# remove originals but keep smart preview for viewing?



## reidthaler (Sep 20, 2017)

Is there a way to remove the original images from my phone, but keep smart preview for viewing and editing on my phone?  Clearing cache frees up some space, but originals still take up alot.
Thanks,

Reid


----------



## reidthaler (Oct 12, 2017)

Surprise I didn't get any response.  Anyone?


----------



## Linwood Ferguson (Oct 12, 2017)

I think a lot of us aren't using Mobile, and many that are do so use it for remote editing.  Maybe the bump from these entries will attract some attention.  Personally I tried it once on the phone for 10 minutes and never again; sorry I can't help.


----------



## Gnits (Oct 12, 2017)

I was excited by the arrival of mobile, but gave up on it for lots of reasons. As I do not actively use it anymore I am reluctant to respond to queries.


----------



## Johan Elzenga (Oct 12, 2017)

There is a setting in Cloud Storage & Sync called Only Download Smart Previews. If that doesn't work, then you could remove the image from the synched collections (and so from the phone) and after they are gone from the phone, you could add them again in Lightroom on the desktop.
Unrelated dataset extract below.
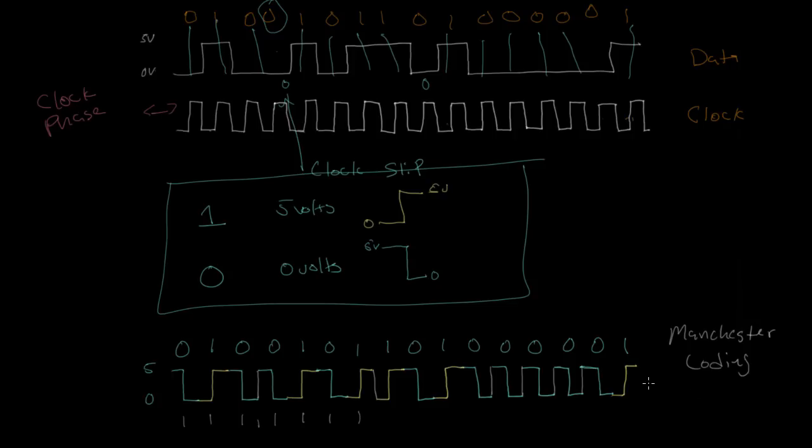And so Manchester coding also happens to be the type of line coding used by lower speed Ethernet, which many computers use for connecting to wired networks. So in the next video, we'll look at exactly how Ethernet uses Manchester coding in some more detail.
That will sync smart previews only.


----------



## Umberto Cocca (Oct 12, 2017)

I use the LR mobile to automatically sync my phone pictures to the cloud and LR desktop.  Haven't tried to delete a picture from my phone after it was sync'ed with the cloud through LR Mobile.  I might test it tonight and see what the result is.


----------



## Umberto Cocca (Oct 16, 2017)

Ok, I run this test on my android mobile:

Took a picture with mobile camera
Synced with LR mobile (autosync)
Deleted picture from Images folder
Checked and modified picture in LR web
checked in LR mobile --> the photo was there, with the latest modifications.
Based on these, could we say that LR CC is a way to backup (mobile) photos?


----------



## Johan Elzenga (Oct 16, 2017)

Yes, if you add your camera pictures to Lightroom Mobile, they will be synched to the cloud and then on to Lightroom desktop, so that serves as a backup of those photos.


----------



## Umberto Cocca (Oct 17, 2017)

reidthaler said:


> Is there a way to remove the original images from my phone, but keep smart preview for viewing and editing on my phone?


If instead you are referring to the ability to download the pictures on the device for offline editing, then you tap on the three dots next to the collection and unselect the "offline editing". This should free up some more space.  

In the end it comes to a trade-off between data bandwidth and storage space.


----------